絵画を鑑賞した後は、食い気ですね。さて、今日はどうしましょうか。悩んだ挙句、コンディトライ・オーバーラーのランチもチェックしようということに決定。トラムで街の中心に繰り出します。
コンディトライ・オーバーラーはやはり賑わっていますね。寒くなったこの季節では片付けられていることが多い店の外の席が、ここではまだ用意されていて、寒さをものともしない強者が外でお茶しています。これは満席で無理かなと思いながらお店に入ると、さほどに広くない店内もかなりの混雑ぶりです。と、2階があることを発見。2階に上がってみても席を探す人がウロウロしています。それでも何とか席をゲットです。

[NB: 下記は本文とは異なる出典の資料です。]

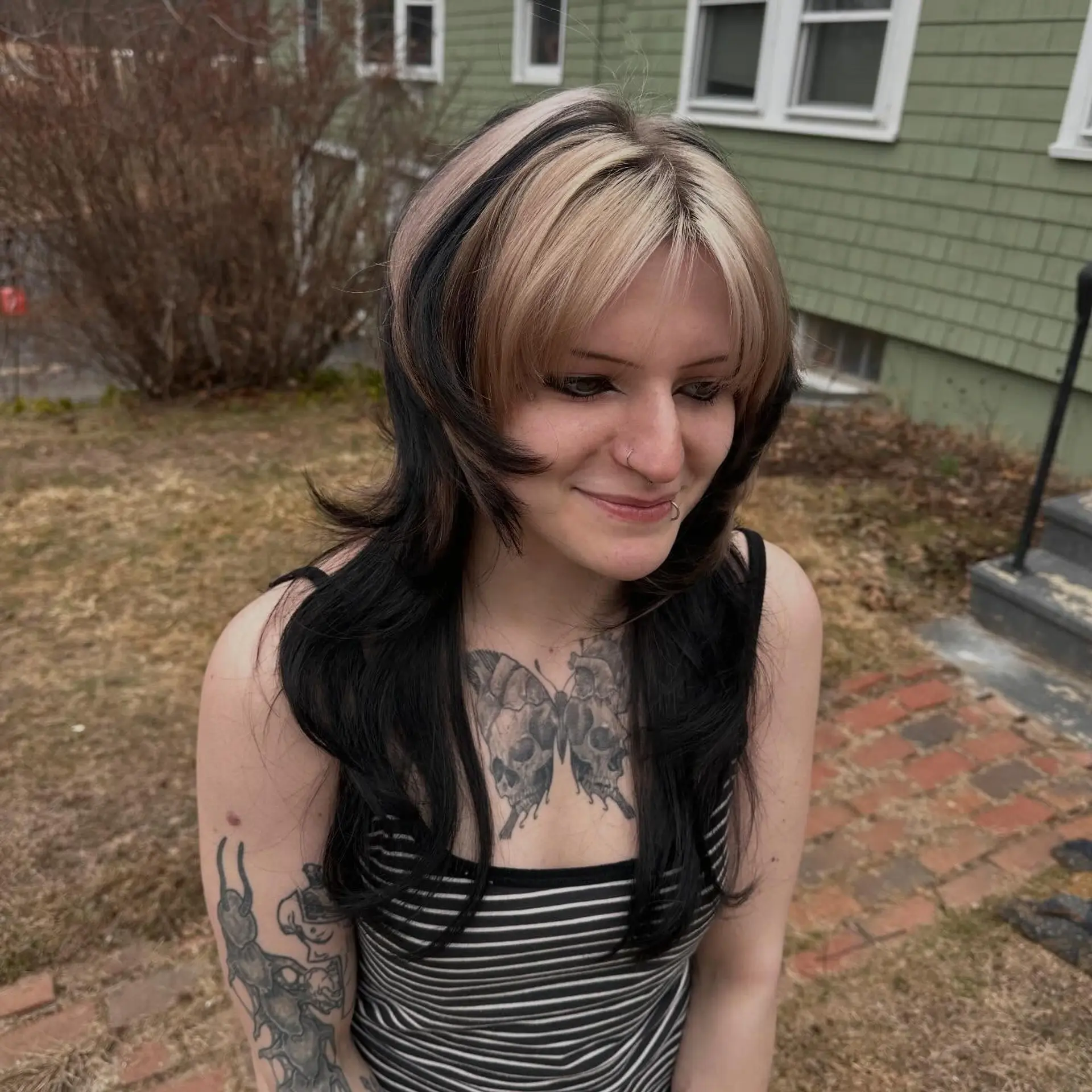 A distinctive two-tone jellyfish haircut featuring a rounded bob layer with wispy bangs and long lengths underneath. 1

さて、オーバーラーのランチは、スープとパスタとサラダがセットになったものです。パスタが2種類から選べるようになっているので、その2種類をお願いします。が、残念ながら1種類しか残っていないということです。実は、saraiはランチの後にケーキを食べることにしていたのですが、配偶者はとても無理と渋っていたのです。これで目出度く解決です。ランチ1人分とケーキを2人分と紅茶をお願いします。
スープは美味しいけれどちょっとぬるめで今一です。

が、パスタやサラダはとっても美味しいです。


この3品がセットメニューというのも伝統的なカフェとは異なり、若者には人気なのかもしれませんね。もちろんケーキは絶品です。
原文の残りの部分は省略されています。